Village in Cumbria, England

Cumwhinton is a small village in Cumbria, England. It is around one mile away from both Scotby and Wetheral, and four miles from Carlisle. The village lies in Wetheral civil parish.

==History and facilities==
A hamlet was established at Cumwhinton by the middle of the 12th century, initially under the name Cumquintina, believed to be named after Saint Quentin. The site also had a manor owned by the Bavin family, who gave it to Lanercost Priory after three generations of ownership.

By 1831, Cumwhinton was a joint township with nearby Cotehill, also in Wetheral parish, and had a population of 472.

Cumwhinton is a small village by local standards. Despite its small size, it is home to a pub a village hall and a cafe.

Cumwhinton Primary School provides educational facilities for children in the village.
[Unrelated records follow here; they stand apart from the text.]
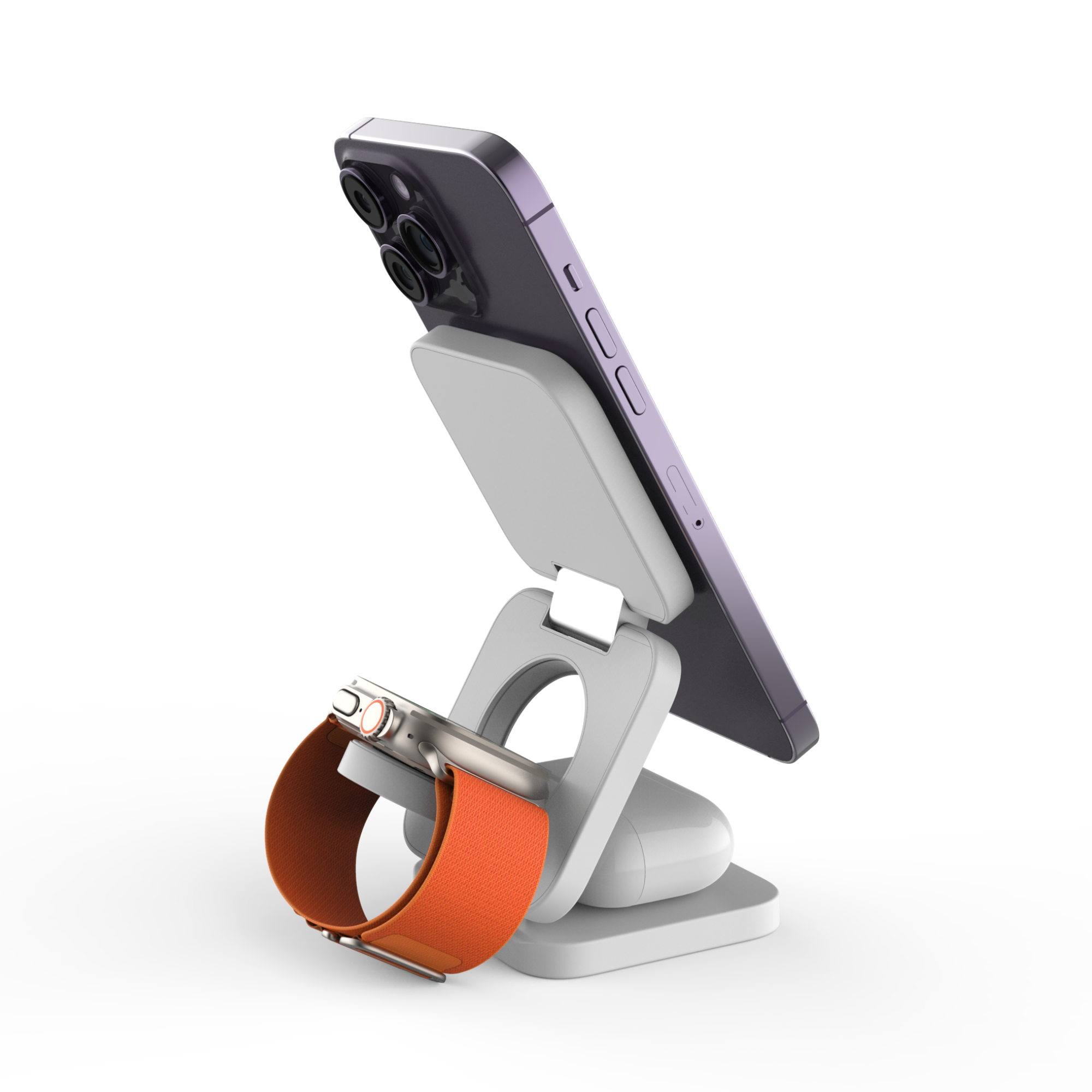 Ein Telefon, eine Smartwatch und Ohrhörer auf einem weißen Ständer, vor weißem Hintergrund.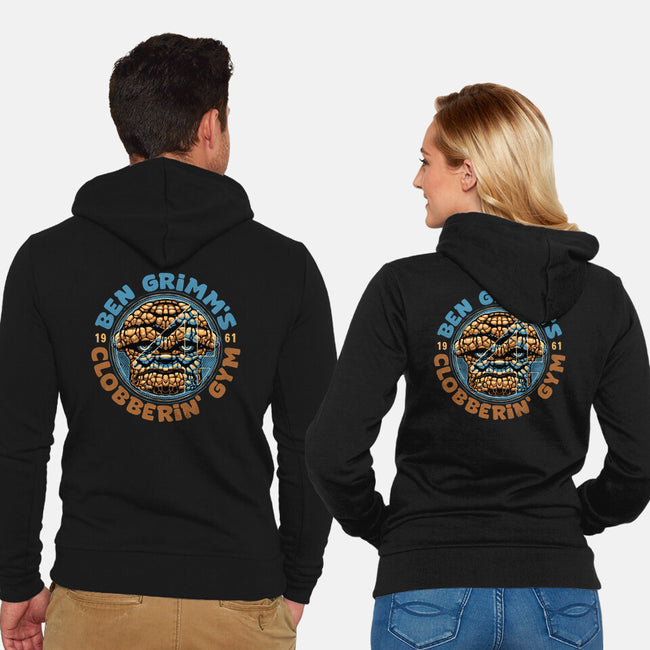 Clobberin Gym-Unisex-Zip-Up-Sweatshirt-glitchygorilla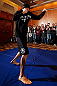 SEATTLE, WA - DECEMBER 05:  Nate Diaz works out for fans and media during the UFC on FOX open workouts on December 5, 2012  at the Grand Hyatt Seattle in Seattle, Washington.  (Photo by Josh Hedges/Zuffa LLC/Zuffa LLC via Getty Images)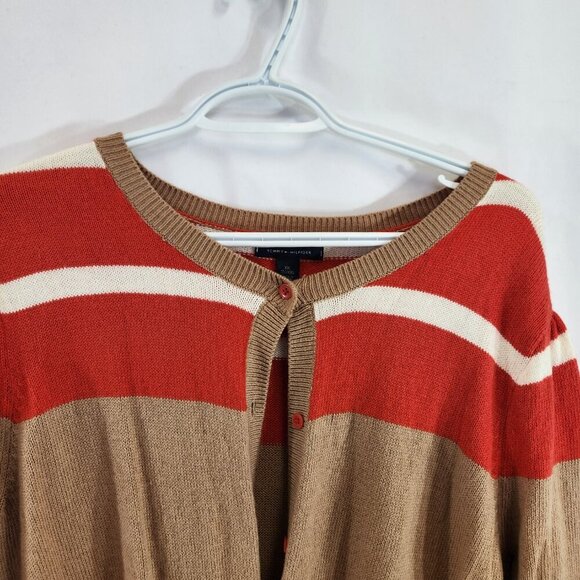 Tommy Hilfiger Womens Wide Stripe Relaxed Fit Cardigan Sweater XL - Picture 5 of 11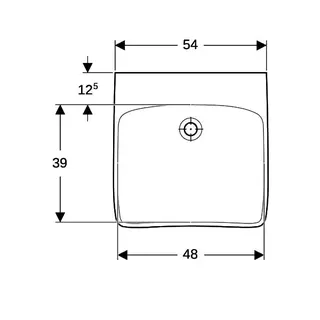 Geberit Renova Comfort Waschtisch barrierefrei 55x55cm, ohne Hahnloch, ohne Überlauf, weiß – Bild 5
In 2008 a new extension was opened for pupils with autism, one of only four in the county; the building was unveiled by footballer Matt Jansen, a former pupil at the school.

Cumwhinton is often confused with the village of Cumwhitton a few miles to the east.

===Railway station===
Cumwhinton had a railway station on the Settle-Carlisle Railway between Scotby and Cotehill, but this was closed to passengers in 1956. The station was designed by the Midland Railway company architect John Holloway Sanders. The station building, which dates from 1875 and remains in use as a private dwelling (the platforms and former waiting shelter also survive), was Grade II listed in 1984.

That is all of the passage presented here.